Lost and Found (Masters & Mercenaries: The Forgotten #2)(8)
He opened the attachment and glanced through it as Ariel spoke.
“Dr. Walsh began showing signs of genius when she read at the age of three. By the time she was five years old she was working complex math and her father brought in a tutor.”
“Her father is Leland Walsh?” Tucker whistled.
“You say that like it means something.” Owen flipped back, trying to figure out who the bloke was.
“Leland Walsh invented a surgical technique that revolutionized the way we deal with brain tumors.” Tucker always sounded different when he talked about medicine. More competent. And then more scared because they were all almost certain he’d worked with Dr. Hope McDonald, evil mistress of the mind. Dead but not forgotten. Except by him, since she’d died after she’d dosed him but before he’d woken up.
“So she comes from a family of doctors?” Robert asked.
“Her father, grandfather, and two uncles were renowned surgeons,” Ariel explained. “Not that her mother’s side of the family wasn’t full of brainiacs. Her mother was a professor. She taught psychology and ran a women’s shelter. Rebecca chose to go into research, specifically into researching the brain and memory and how degenerative neurological diseases affect memory.”
His eyes lit on a specific fact. It was listed in the middle of the bio Nina had prepared, but it stuck out to him. “Her mother was diagnosed with Alzheimer’s.”
Nina nodded, but her eyes held a certain sympathy. “Yes, when Rebecca was nine, but from her accounts, she wasn’t told about the diagnosis until later, roughly nine months before her mother died. She spoke about it at a conference. It was a quite moving speech. She and her future stepmother cared for her mother at home until she passed.”
“Her future stepmother?” Robert asked.
“So her family life is rough, I take it.” He couldn’t imagine how the girl had taken that. Mum dies and dad marries her nurse?
“She’s quite close to her family,” Nina corrected. “She was the maid of honor at their wedding three years after her mom died. She’s close to her young sister, and from all accounts enjoys spending time with her father.”
“Must not have been close to her mum.” Owen didn’t get it. Not at all.
Ariel was frowning his way. “She was a teenaged girl who put aside her needs to keep her mother out of a nursing home. I would say she proved her love for her mother. As for being close to her stepmother, well, funny things happen to survivors. Sometimes they cling together. Until you’ve lost someone, you can’t judge how others react. Honestly, even when you have, you know damn well you shouldn’t. Grief is different for everyone.”
Tucker leaned over. “I think you should be quiet now. She looks pissed.”
She looked annoyed, but then he could do that to a woman.
He’d lost two someones, but he didn’t understand grief. How did he cry and ache for two people he couldn’t remember? “I’m sorry. I was surprised. Of course I don’t know anything at all. Please continue.”
“She doesn’t seem to have a large social circle here in Toronto. I’m surprised she has many friends at all since when she would normally have been forming her social identity, she was thrown in with much older students. She was much younger than the average student at the schools she attended. She would have been an outsider at best, a target at worst,” Ariel said.
“A target?” Robert asked. “What do you mean? I understand she’s our target, but why would her school friends want to investigate her?”
Ariel’s lips tugged up slightly. “It’s always odd to be reminded of how your memories break. You know so much about the world, so many facts, but often normal experiences are gone and with them the street-like knowledge that’s second nature to the rest of us.”
“That’s shrink talk for you’re a shiny new baby,” Big Tag explained.
“What she’s saying is Rebecca Walsh was so young she couldn’t relate to the other students,” Ezra explained. “Even though she was certainly smart enough to be in a class with them, emotionally she wasn’t ready to run in their circles.”
Sometimes he still felt like that. “You’re saying that even though she’s bridged that gap now, she still isn’t comfortable in social situations? Has trouble making friends?”
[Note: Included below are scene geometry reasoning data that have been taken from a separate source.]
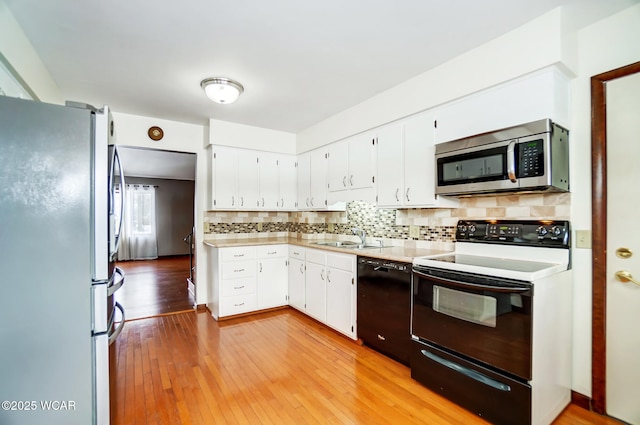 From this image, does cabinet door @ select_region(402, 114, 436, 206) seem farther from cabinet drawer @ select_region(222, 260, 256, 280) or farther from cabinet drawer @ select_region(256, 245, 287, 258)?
cabinet drawer @ select_region(222, 260, 256, 280)

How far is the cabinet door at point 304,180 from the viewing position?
13.8 ft

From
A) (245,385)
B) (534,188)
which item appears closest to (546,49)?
(534,188)

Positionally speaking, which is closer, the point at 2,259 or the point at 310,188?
the point at 2,259

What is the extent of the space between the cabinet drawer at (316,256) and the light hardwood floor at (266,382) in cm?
75

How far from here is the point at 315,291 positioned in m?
3.49

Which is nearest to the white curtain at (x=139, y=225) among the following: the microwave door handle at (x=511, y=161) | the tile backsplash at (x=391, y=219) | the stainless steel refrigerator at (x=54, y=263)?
the tile backsplash at (x=391, y=219)

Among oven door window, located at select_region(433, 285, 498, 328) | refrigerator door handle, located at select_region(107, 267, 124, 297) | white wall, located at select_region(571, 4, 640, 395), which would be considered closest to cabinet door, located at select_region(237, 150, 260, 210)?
refrigerator door handle, located at select_region(107, 267, 124, 297)

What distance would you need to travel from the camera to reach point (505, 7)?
1789 millimetres

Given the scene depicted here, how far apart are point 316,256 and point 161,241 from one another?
23.6 ft

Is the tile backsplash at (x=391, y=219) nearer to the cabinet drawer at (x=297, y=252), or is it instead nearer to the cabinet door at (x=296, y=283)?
the cabinet drawer at (x=297, y=252)

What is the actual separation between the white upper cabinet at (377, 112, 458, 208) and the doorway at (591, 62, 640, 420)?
933 millimetres

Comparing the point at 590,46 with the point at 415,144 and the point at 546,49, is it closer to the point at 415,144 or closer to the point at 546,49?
the point at 546,49

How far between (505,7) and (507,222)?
140 cm

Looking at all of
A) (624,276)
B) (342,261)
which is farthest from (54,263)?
(624,276) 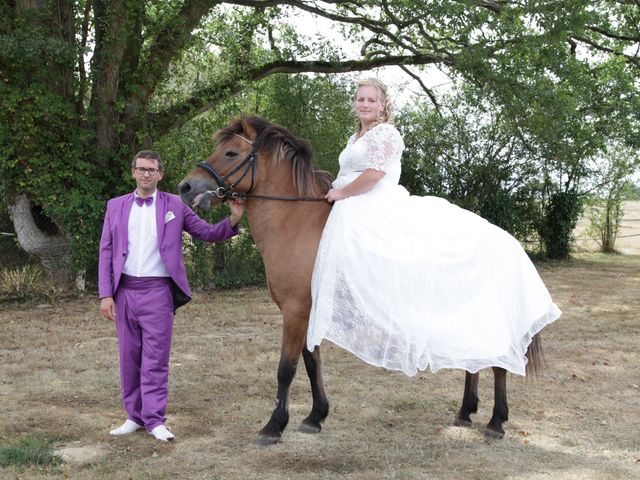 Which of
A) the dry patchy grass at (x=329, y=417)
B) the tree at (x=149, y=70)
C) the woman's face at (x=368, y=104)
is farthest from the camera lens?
the tree at (x=149, y=70)

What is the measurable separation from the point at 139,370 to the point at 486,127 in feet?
44.2

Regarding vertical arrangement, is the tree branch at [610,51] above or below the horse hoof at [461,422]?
above

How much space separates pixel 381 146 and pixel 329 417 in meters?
2.25

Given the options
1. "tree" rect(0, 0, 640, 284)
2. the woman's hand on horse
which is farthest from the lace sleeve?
"tree" rect(0, 0, 640, 284)

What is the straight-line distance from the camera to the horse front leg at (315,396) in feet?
16.6

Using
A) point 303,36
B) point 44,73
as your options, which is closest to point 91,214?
point 44,73

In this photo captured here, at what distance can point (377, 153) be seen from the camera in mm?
4598

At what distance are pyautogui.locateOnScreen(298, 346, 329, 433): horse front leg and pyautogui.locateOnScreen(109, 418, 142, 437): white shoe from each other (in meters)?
1.20

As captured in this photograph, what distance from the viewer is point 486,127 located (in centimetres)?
1678

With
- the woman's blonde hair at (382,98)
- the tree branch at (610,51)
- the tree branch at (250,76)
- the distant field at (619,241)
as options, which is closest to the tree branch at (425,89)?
the tree branch at (250,76)

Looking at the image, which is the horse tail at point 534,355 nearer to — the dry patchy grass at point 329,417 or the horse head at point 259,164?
the dry patchy grass at point 329,417

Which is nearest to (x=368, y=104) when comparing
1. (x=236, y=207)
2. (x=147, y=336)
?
(x=236, y=207)

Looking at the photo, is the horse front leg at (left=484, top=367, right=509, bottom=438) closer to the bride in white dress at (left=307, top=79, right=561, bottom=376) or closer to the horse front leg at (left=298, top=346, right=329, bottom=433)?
the bride in white dress at (left=307, top=79, right=561, bottom=376)

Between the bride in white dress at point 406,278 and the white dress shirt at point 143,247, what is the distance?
1215mm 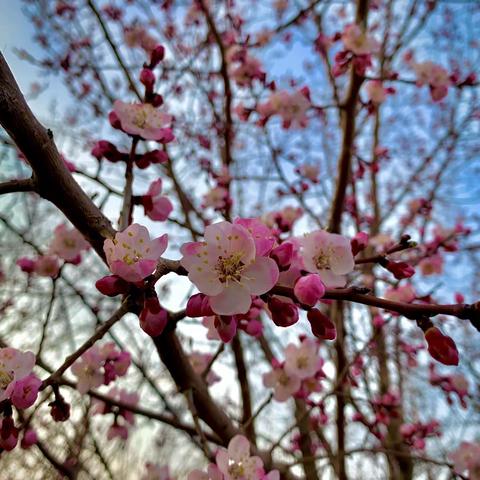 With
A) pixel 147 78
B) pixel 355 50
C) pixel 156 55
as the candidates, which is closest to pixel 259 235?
pixel 147 78

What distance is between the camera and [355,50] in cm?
251

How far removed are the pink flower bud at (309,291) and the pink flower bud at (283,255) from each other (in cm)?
6

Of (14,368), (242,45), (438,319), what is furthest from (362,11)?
(14,368)

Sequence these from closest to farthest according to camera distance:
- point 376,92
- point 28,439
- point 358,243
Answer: point 358,243 → point 28,439 → point 376,92

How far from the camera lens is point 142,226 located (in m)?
1.02

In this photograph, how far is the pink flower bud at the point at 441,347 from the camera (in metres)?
0.89

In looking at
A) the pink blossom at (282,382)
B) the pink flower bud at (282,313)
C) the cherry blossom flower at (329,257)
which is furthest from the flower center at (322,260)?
the pink blossom at (282,382)

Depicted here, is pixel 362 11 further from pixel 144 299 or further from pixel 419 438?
pixel 419 438

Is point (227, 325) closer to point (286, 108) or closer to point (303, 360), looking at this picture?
point (303, 360)

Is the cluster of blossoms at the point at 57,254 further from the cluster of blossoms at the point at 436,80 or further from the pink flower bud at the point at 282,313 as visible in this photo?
the cluster of blossoms at the point at 436,80

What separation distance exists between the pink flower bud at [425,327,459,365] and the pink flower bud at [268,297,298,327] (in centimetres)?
29

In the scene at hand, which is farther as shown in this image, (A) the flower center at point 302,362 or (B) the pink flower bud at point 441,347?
(A) the flower center at point 302,362

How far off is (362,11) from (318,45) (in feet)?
4.03

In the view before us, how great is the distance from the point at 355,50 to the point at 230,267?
207cm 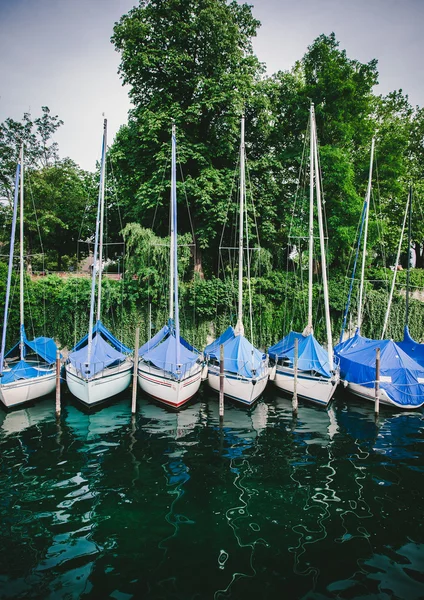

Ariel nodded. “She might be awkward at times. You’re going to have to be patient with her.”
“I don’t know about that,” Nina mused. “I’ve talked to her and I was surprised at how nice she seems. She ordered a vanilla latte instead of her normal plain latte. I mentioned it and she told me she’s on a quest to expand her horizons. She seemed enthusiastic about it. I know it’s only a shot of vanilla, but it’s outside her routine. I think she might welcome some new friends.”
“She loves animals,” Ariel pointed out. “She doesn’t have a pet right now, but I think that’s because of her long hours. She spends her breaks at a dog park, though she doesn’t own one.”
Jax gave her a thumbs-up. “Buster to the rescue. No one can resist his manly smell. No, seriously, River’s at the groomer’s right now. We’re getting rid of his stink. He thought a skunk would be a good playmate. It was really terrible.”